■ TASK OBJECTIVE
When you set down the entries, keep every word exactly as it is but drop the pictures.

Records from a data collection:

*** Block opens ***

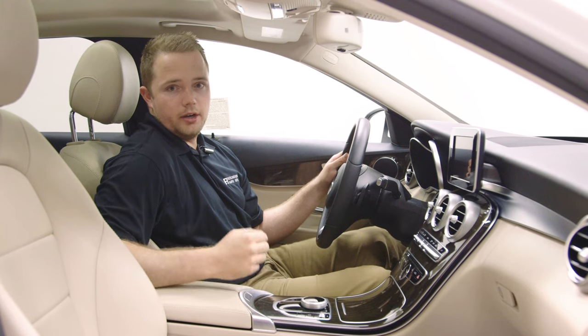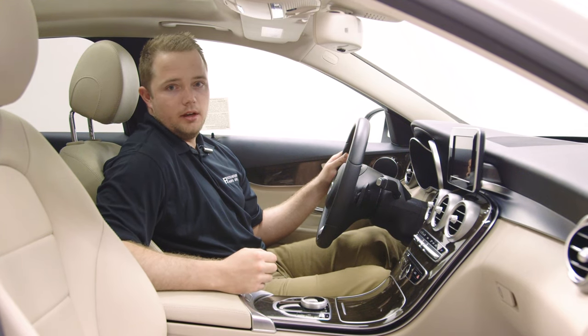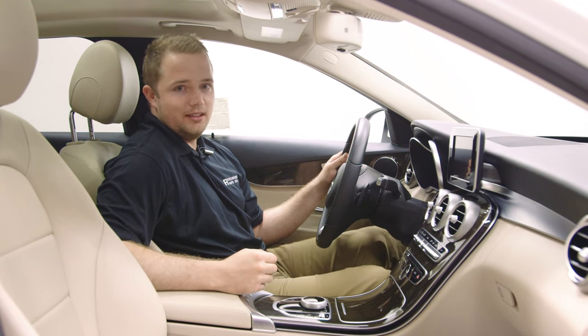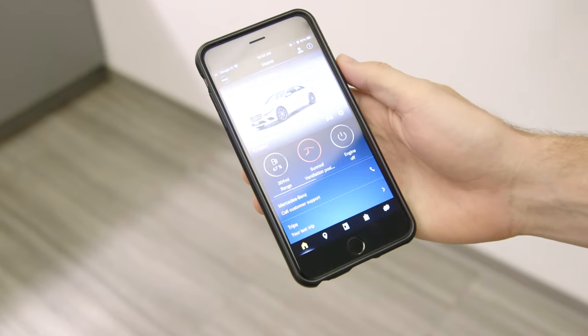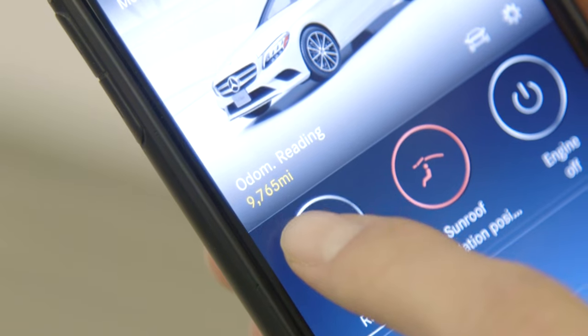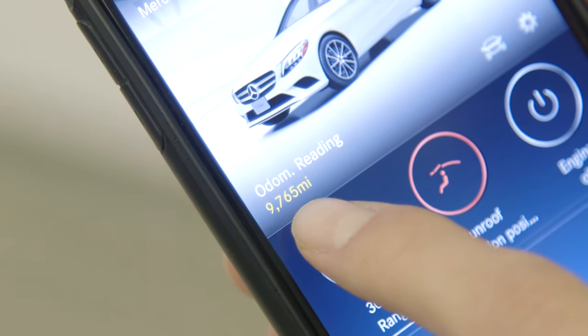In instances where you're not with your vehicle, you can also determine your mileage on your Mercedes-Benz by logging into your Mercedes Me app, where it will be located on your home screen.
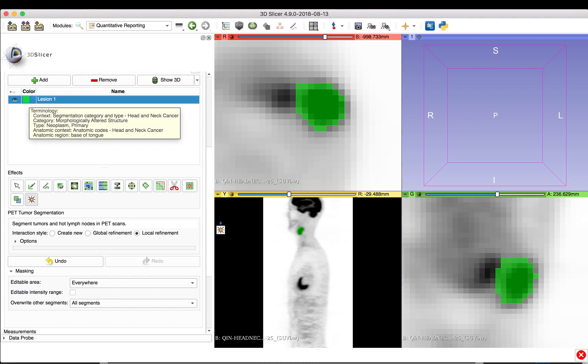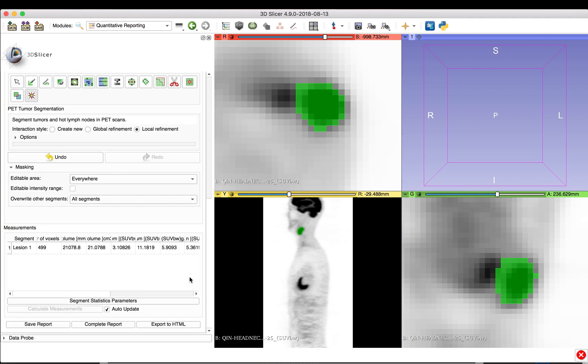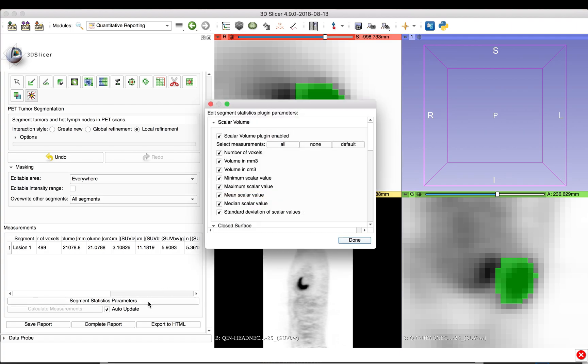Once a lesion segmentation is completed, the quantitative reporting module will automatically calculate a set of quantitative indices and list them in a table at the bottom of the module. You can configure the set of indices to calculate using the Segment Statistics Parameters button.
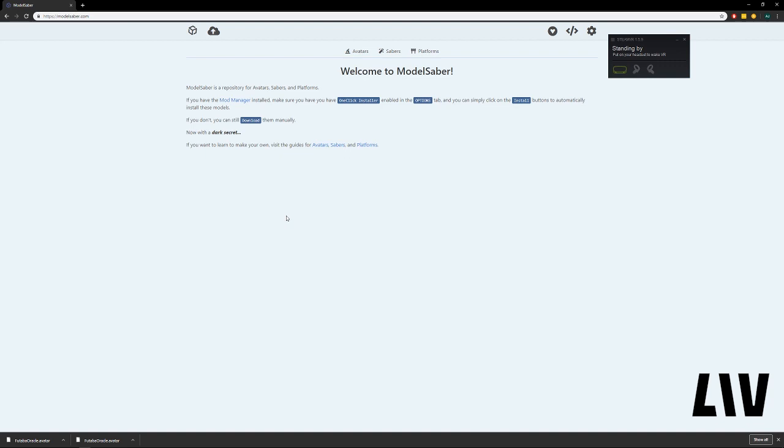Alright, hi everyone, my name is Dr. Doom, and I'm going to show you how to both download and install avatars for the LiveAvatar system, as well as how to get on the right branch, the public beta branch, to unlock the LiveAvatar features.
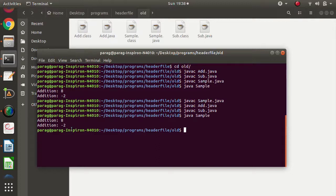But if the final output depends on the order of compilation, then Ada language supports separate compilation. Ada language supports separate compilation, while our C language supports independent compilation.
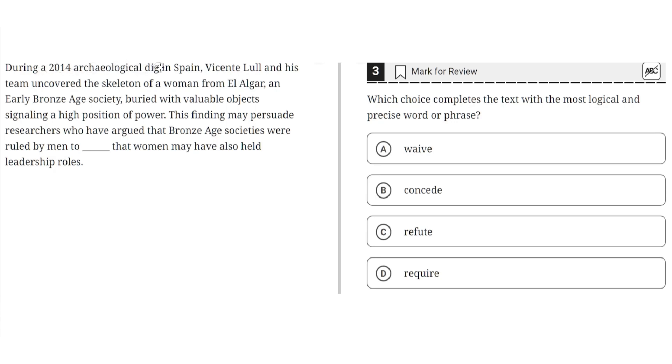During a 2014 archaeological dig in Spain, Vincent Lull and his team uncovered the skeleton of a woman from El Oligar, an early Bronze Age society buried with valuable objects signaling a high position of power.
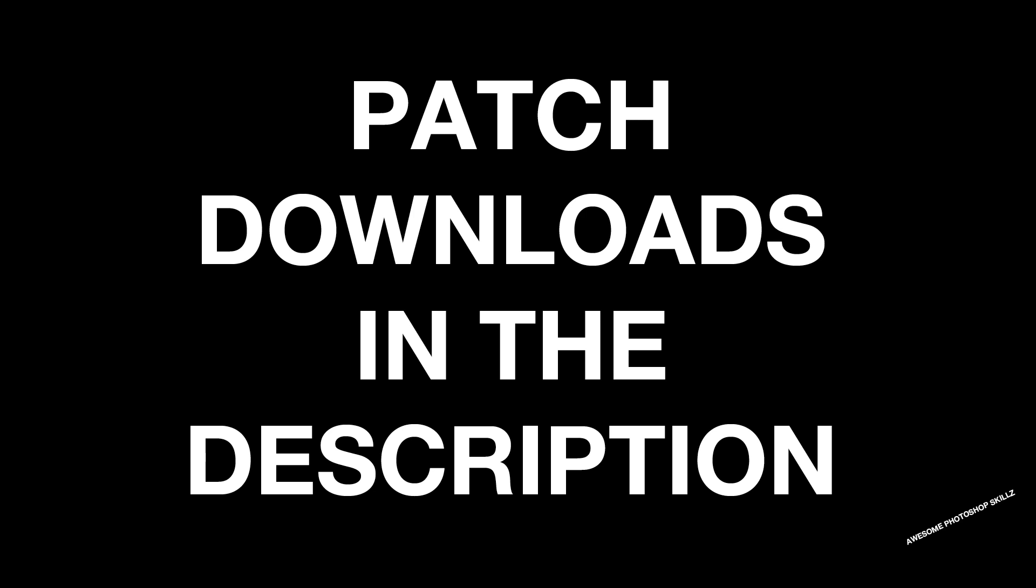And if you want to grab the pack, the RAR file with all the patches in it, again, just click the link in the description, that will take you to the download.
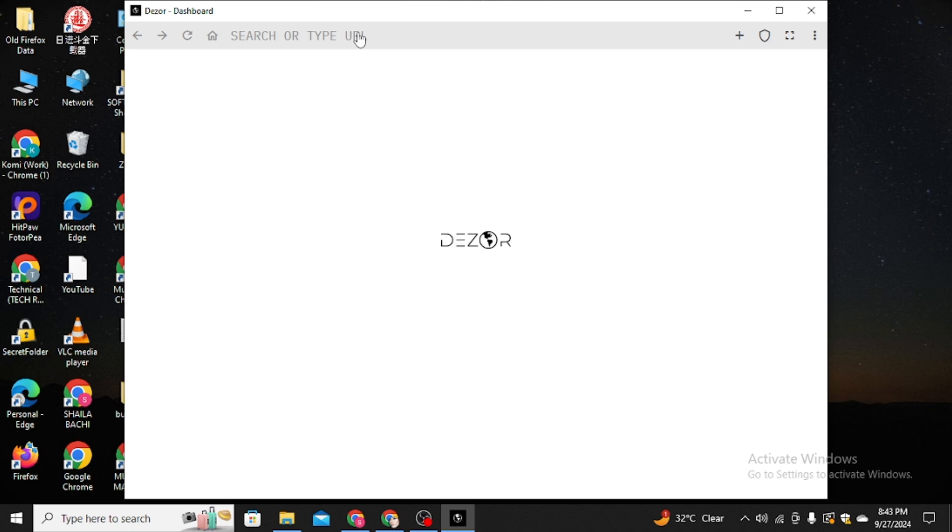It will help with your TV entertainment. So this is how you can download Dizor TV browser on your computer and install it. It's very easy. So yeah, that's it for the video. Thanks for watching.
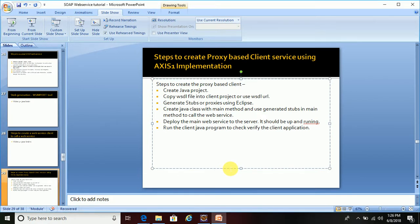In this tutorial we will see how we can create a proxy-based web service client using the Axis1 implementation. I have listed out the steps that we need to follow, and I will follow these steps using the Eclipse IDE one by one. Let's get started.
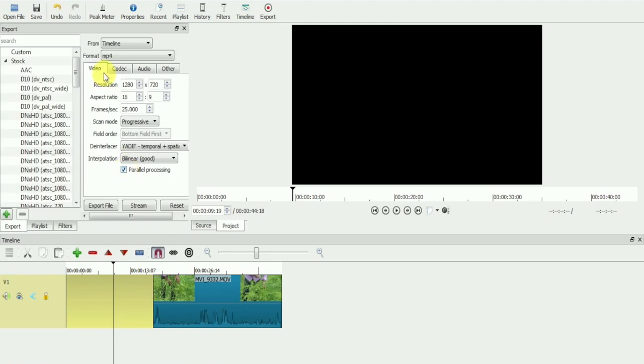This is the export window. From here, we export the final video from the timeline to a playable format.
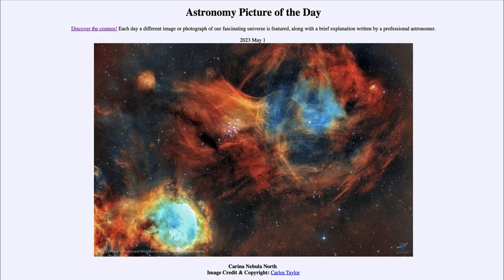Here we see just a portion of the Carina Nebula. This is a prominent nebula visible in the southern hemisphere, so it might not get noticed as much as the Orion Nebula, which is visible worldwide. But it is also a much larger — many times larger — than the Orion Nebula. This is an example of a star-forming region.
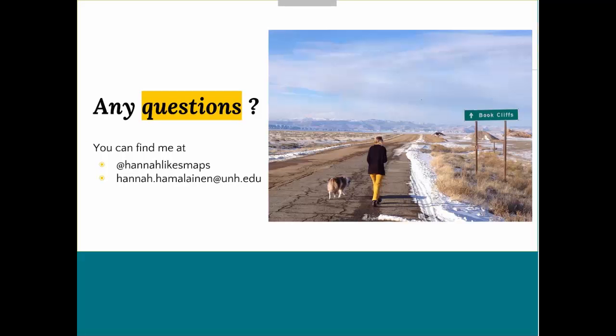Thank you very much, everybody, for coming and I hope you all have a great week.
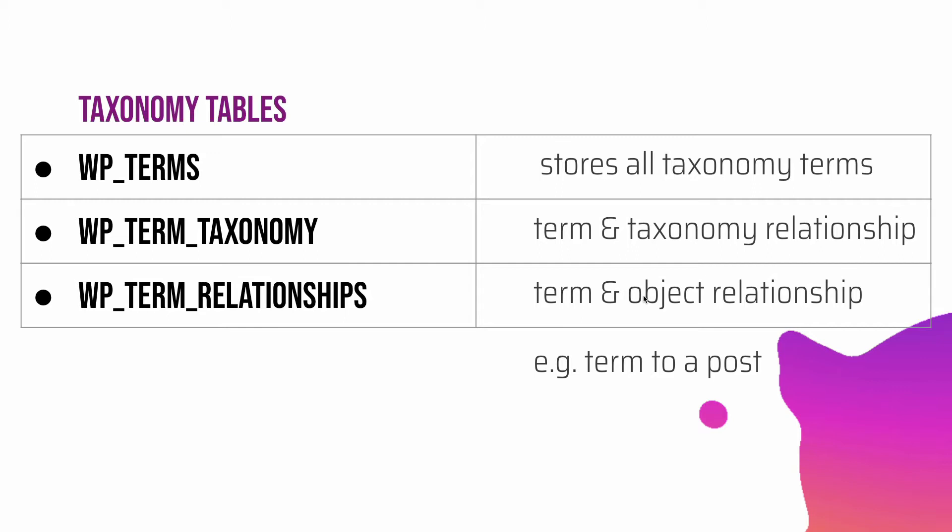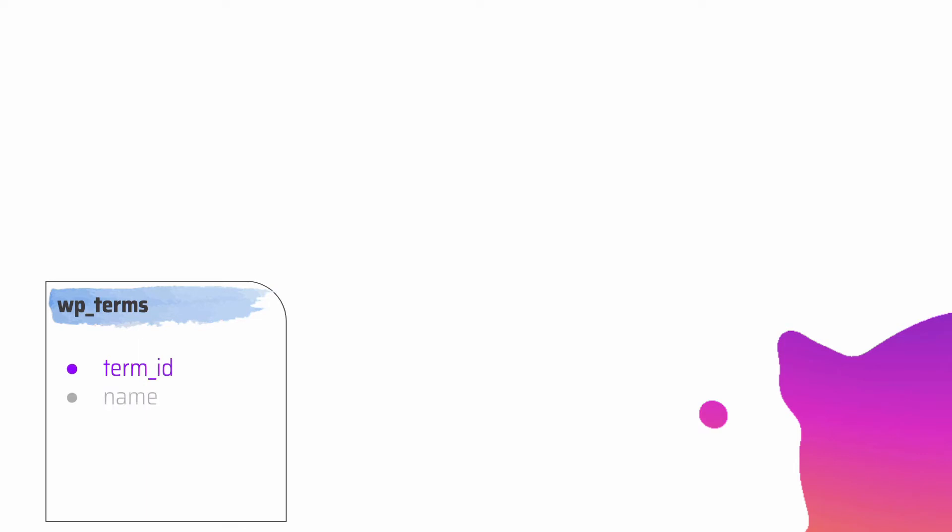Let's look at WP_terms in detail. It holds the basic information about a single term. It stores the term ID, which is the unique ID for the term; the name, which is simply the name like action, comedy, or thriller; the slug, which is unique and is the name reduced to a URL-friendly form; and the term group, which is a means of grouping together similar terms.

*** Block closes ***

■ WRITTEN RESPONSE
In instances where you're not with your vehicle, you can also determine your mileage on your Mercedes-Benz by logging into your Mercedes Me app, where it will be located on your home screen.
Once a lesion segmentation is completed, the quantitative reporting module will automatically calculate a set of quantitative indices and list them in a table at the bottom of the module. You can configure the set of indices to calculate using the Segment Statistics Parameters button.
Alright, hi everyone, my name is Dr. Doom, and I'm going to show you how to both download and install avatars for the LiveAvatar system, as well as how to get on the right branch, the public beta branch, to unlock the LiveAvatar features.
But if the final output depends on the order of compilation, then Ada language supports separate compilation. Ada language supports separate compilation, while our C language supports independent compilation.
During a 2014 archaeological dig in Spain, Vincent Lull and his team uncovered the skeleton of a woman from El Oligar, an early Bronze Age society buried with valuable objects signaling a high position of power.
And if you want to grab the pack, the RAR file with all the patches in it, again, just click the link in the description, that will take you to the download.
It will help with your TV entertainment. So this is how you can download Dizor TV browser on your computer and install it. It's very easy. So yeah, that's it for the video. Thanks for watching.
In this tutorial we will see how we can create a proxy-based web service client using the Axis1 implementation. I have listed out the steps that we need to follow, and I will follow these steps using the Eclipse IDE one by one. Let's get started.
This is the export window. From here, we export the final video from the timeline to a playable format.
Here we see just a portion of the Carina Nebula. This is a prominent nebula visible in the southern hemisphere, so it might not get noticed as much as the Orion Nebula, which is visible worldwide. But it is also a much larger — many times larger — than the Orion Nebula. This is an example of a star-forming region.
Thank you very much, everybody, for coming and I hope you all have a great week.
Let's look at WP_terms in detail. It holds the basic information about a single term. It stores the term ID, which is the unique ID for the term; the name, which is simply the name like action, comedy, or thriller; the slug, which is unique and is the name reduced to a URL-friendly form; and the term group, which is a means of grouping together similar terms.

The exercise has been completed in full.